Les neutropénies fébriles étant plus fréquentes dans le bras expérimental, une prophylaxie primaire par G-CSF a été recommandée vers la fin de l’étude à l’inclusion. Sept des neuf décès survenus dans le bras expérimental étaient associés à des neutropénies, tous ces cas étant survenus chez des patients qui n’avaient pas reçu de prophylaxie. Il est donc recommandé de le faire, selon les auteurs de l’étude. Les toxicités pulmonaires sont les événements indésirables les plus graves survenant lors d’un traitement à la bléomycine. Onze des 13 décès survenus dans le bras de comparaison étaient dus ou associés à ce facteur. Comme prévu, la toxicité pulmonaire dans le bras expérimental était plus faible.
Pertinence des résultats
Dans l’ensemble, aucune nouvelle toxicité inconnue n’est apparue et les auteurs considèrent donc que l’association avec l’ADC est clairement supérieure pour une utilisation en première ligne. Il convient de prêter attention aux neuropathies périphériques, qui doivent être traitées de manière adéquate, par exemple en adaptant les doses.
La pertinence des résultats de l’étude a toutefois fait l’objet de critiques lors du congrès.
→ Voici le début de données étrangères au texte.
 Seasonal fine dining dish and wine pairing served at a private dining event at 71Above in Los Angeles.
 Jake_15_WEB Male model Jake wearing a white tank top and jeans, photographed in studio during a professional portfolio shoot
Enfin, un peu plus de 80% des patients présenteraient un TEP négatif après deux cycles d’ABVD et pourraient donc de toute façon se passer de la bléomycine, dangereuse pour les poumons, pendant les quatre cycles restants. Cela correspond aux données mentionnées dans RATHL [1].
De plus, il n’est pas certain que le brentuximab, déjà utilisé en première ligne, puisse continuer à être utilisé dans le cadre initial. Le prix jouera également un rôle, car le brentuximab est plus cher que l’ABVD (si l’on exclut les mesures de soutien). Des analyses pharmaco-économiques sont actuellement en cours. Certaines questions restent donc en suspens pour le moment. Ce qui est sûr, c’est qu’ECHELON-1 a ouvert une porte – la discussion dans le domaine du traitement de première ligne est ainsi (ré)ouverte.
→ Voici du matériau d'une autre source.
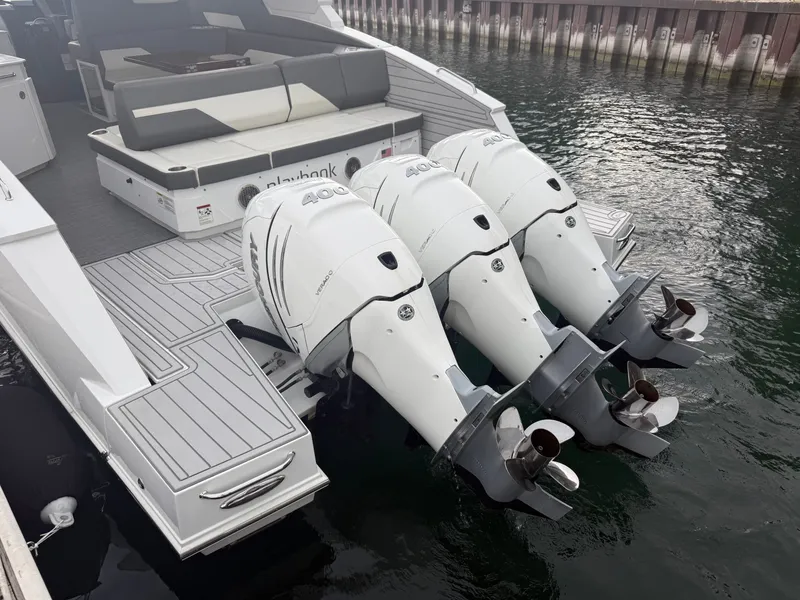 Slide: The Image of The image shows a 2021 Cruisers Yachts 42 GLS OB boat with three outboard engines. - 49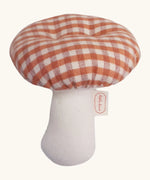 A Kathe Kruse mushroom soft grabber toy. Showing a red gingham cap and white stem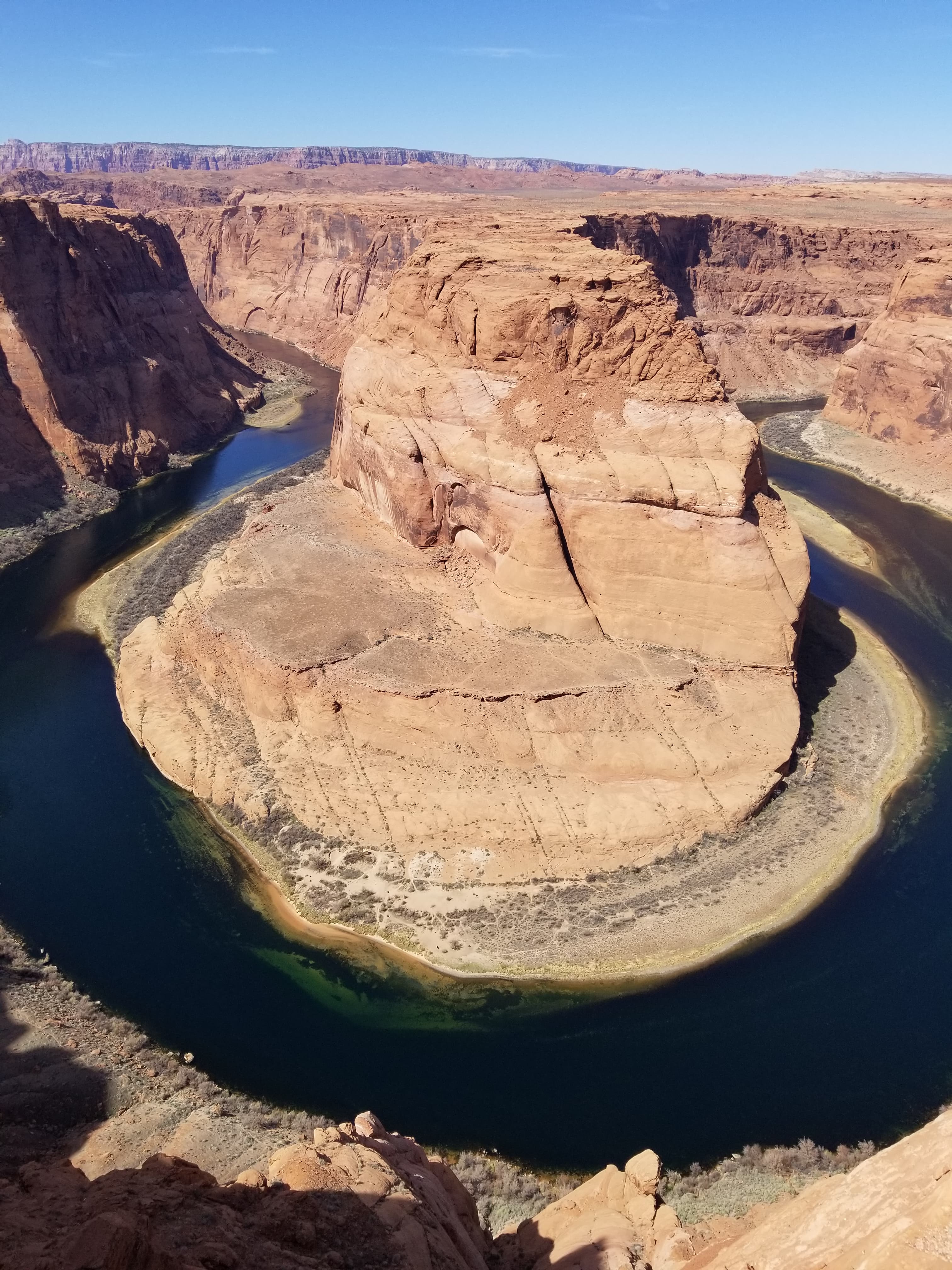 A round rock formation in a canyon during the daytime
L’étude a été publiée dans le New England Journal of Medicine [2] en même temps que la présentation au congrès.
Source : 59e réunion de l’ASH, 9-12 décembre 2017, Atlanta
Littérature :
- Johnson P, et al : Adapted Treatment Guided by Interim PET-CT Scan in Advanced Hodgkin’s Lymphoma. N Engl J Med 2016 ; 374 : 2419-2429.
- Connors JM, et al : Brentuximab Vedotin avec chimiothérapie pour le lymphome hodgkinien de stade III ou IV. N Engl J Med 2017 Dec 10. DOI : 10.1056/NEJMoa1708984. [Epub ahead of print].